Exercise caution when dealing with insurers

When dealing with property-related insurance claims, people should maintain a certain healthy suspicion of what insurance adjusters and claims representatives say when denying a claim, portion of a claim, or providing valuations for a loss.

Whether they admit it or not, insurance company employees are always trying to pay the least possible amount on any claim.  This makes sense to the extent that insurers have “trimmed the fat” out of each claim, thereby paying for only the real loss and not any fluff.   This theoretically benefits us all as we presume it enables insurers to keep insurance premiums low.  However, this practice raises questions when claimants are improperly denied legitimate reimbursement for losses and, there is little, if any, evidence that insurers actually pass on the savings to us as policyholders.

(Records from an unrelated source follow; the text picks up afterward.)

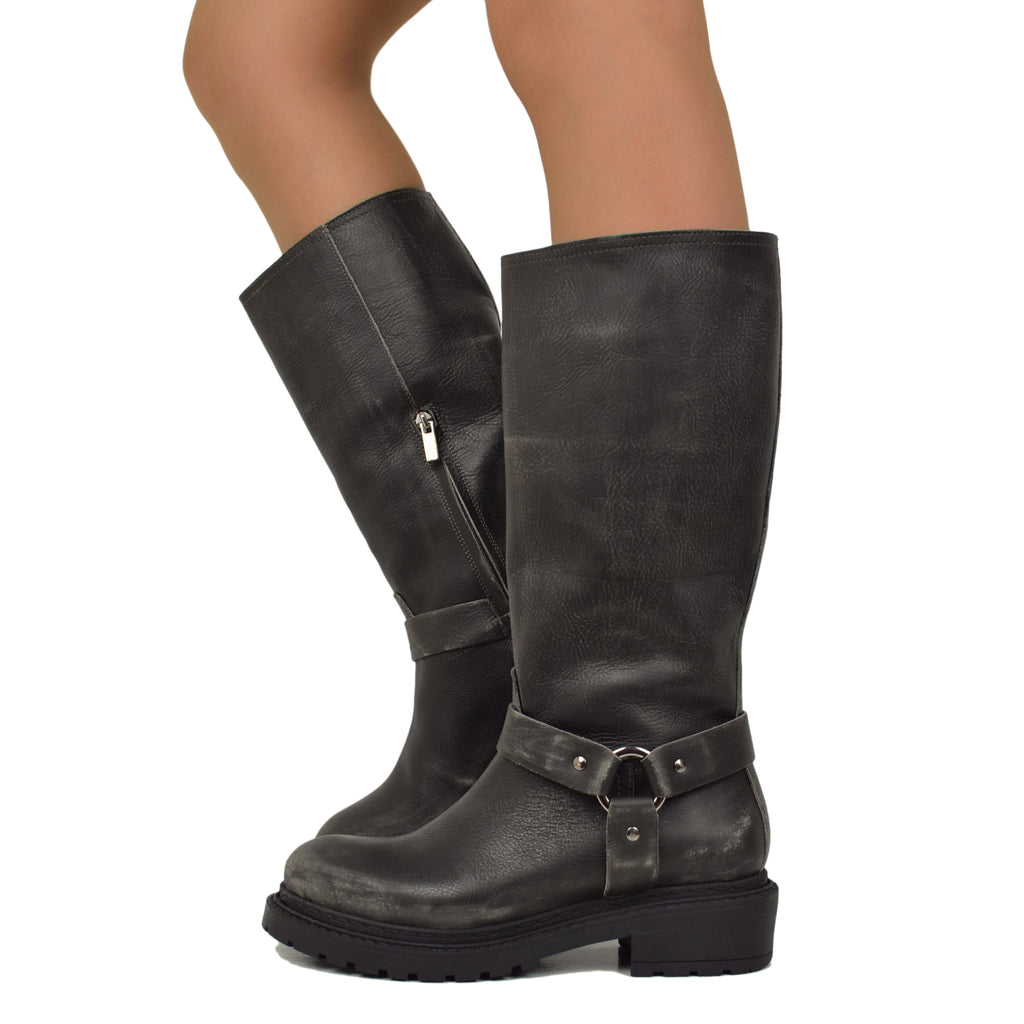 Women's Police Biker Boots in Anthracite Scratched Used Effect Leather Made in Italy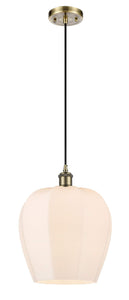Cord Hung 11.75" Norfolk Pendant - Globe-Orb Matte White Glass - Choice of Finish And Incandesent Or LED Bulbs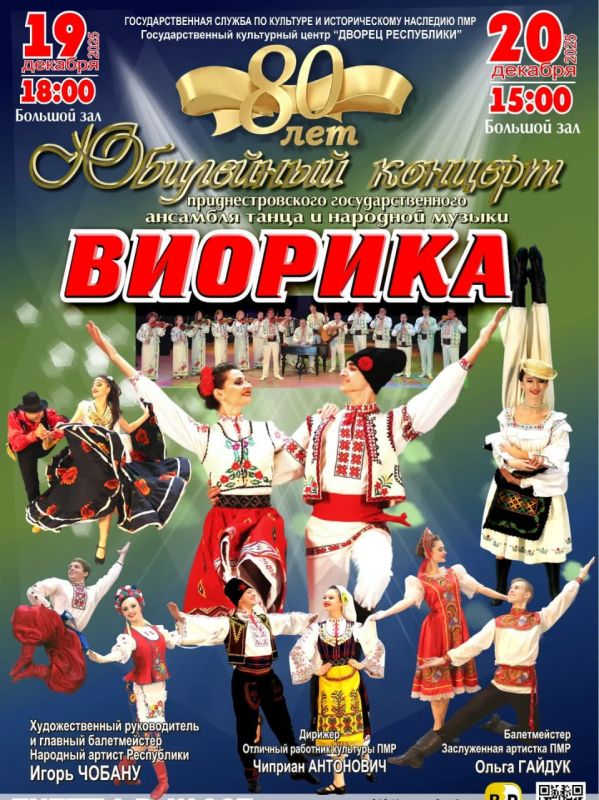 Приднестровскому ансамблю танца и народной музыки «Виорика» – 80 лет!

Some of the things you may be told by a claims representative or adjuster may be blatant misstatements of the law in your state, but may be said with such authority as to sound legitimate.  Never hesitate to demand the source of the authority the insurer is relying on for the statement.  Ask to see the statute, regulation, case or specific policy provision the insurance representative is basing the denial on.  Many times, they won’t be able to show you any authority to substantiate the denial.

Exercise caution when dealing with insurers

Likewise, just because something may be or seem to be included in a policy doesn’t always mean you don’t have the right to recover for a loss.  Insurance representatives frequently try to apply limiting policy provisions to which the insured agreed against innocent persons harmed by the insured’s actions.  A perfect example is when the at-fault automobile driver’s insurer tries to force the person collided with to accept inferior parts in the repair of her vehicle. The person who hit her may have agreed to accept cheaper, inferior parts for the use in his vehicle repair under the policy terms, but that does not mean those terms can be imposed on someone else who didn’t agree to them.

Don’t hesitate to challenge the insurance representative, whether you are claiming under your own policy or someone else’s.  Remember that saving the insurance company money is something many insurers reward their employees for, and those employees are not always scrupulous about how they reduce claims payouts.